**The task**
Skip the pictures and write out, word for word, the lines below from the one with "2018 LEXUS RX" through the one with "online casino software solutions", inclusive.

----- Source information -----

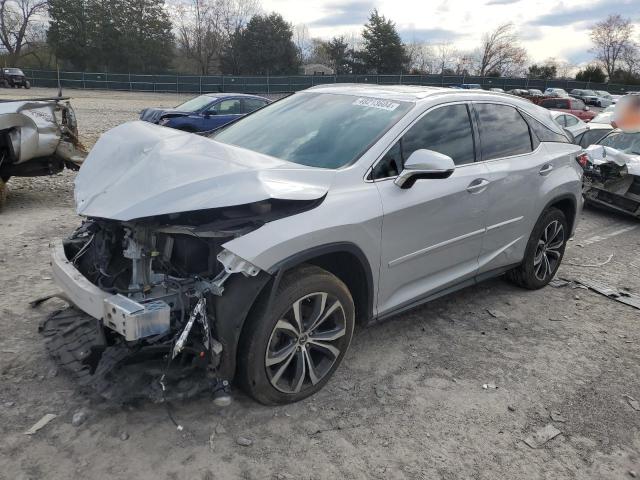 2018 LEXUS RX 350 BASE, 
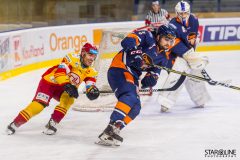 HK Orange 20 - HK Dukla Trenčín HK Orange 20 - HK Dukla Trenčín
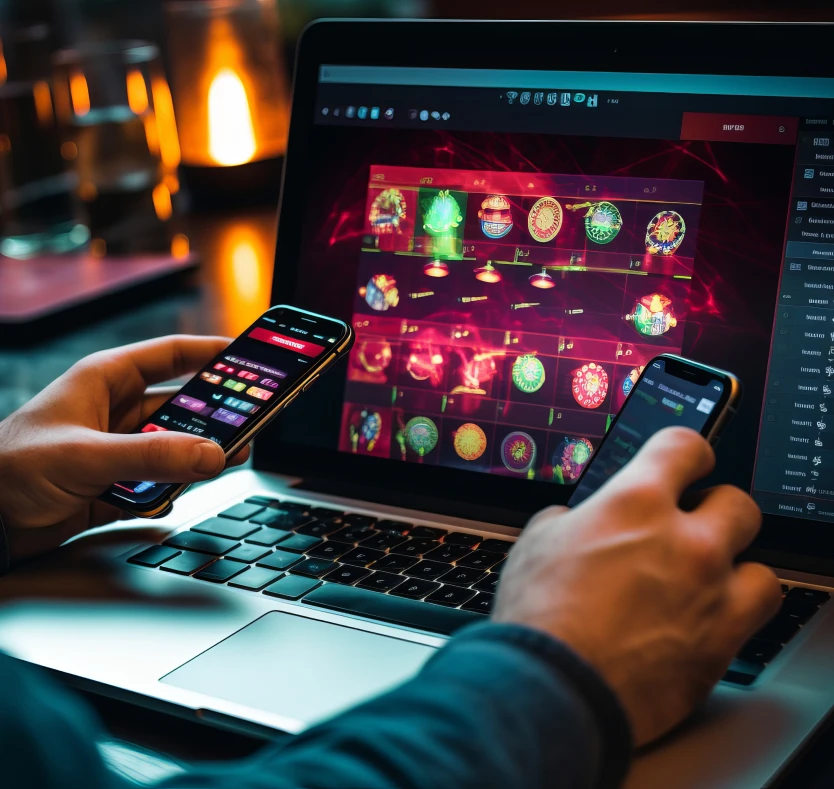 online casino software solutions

-----
----- Source information -----

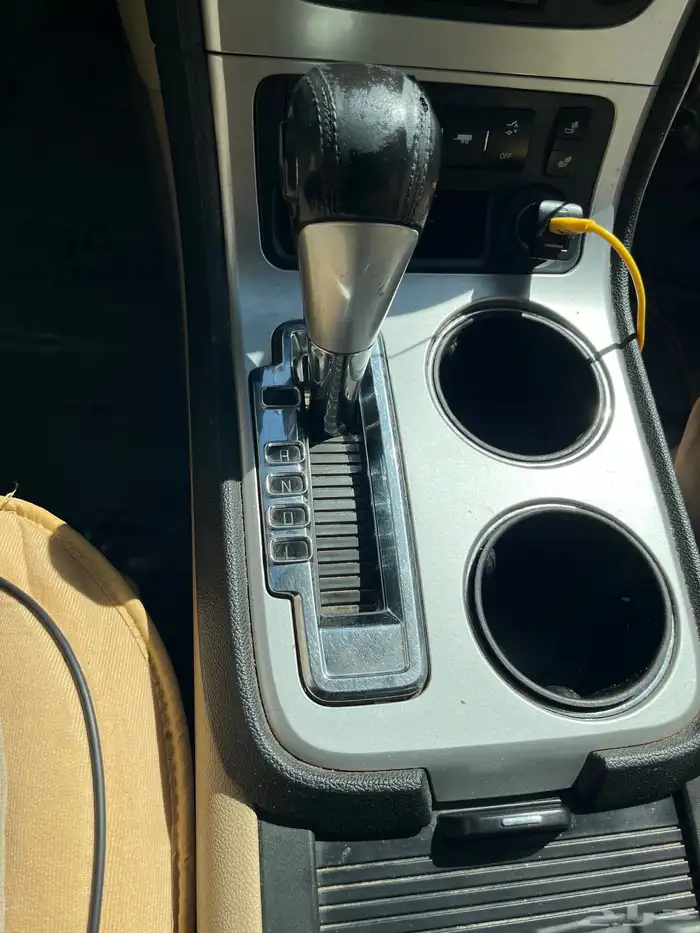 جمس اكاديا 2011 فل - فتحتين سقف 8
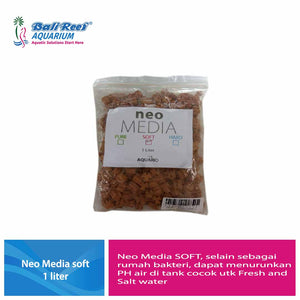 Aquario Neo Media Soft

-----

**Solution for this task**
 2018 LEXUS RX 350 BASE, 
 HK Orange 20 - HK Dukla Trenčín HK Orange 20 - HK Dukla Trenčín
 online casino software solutions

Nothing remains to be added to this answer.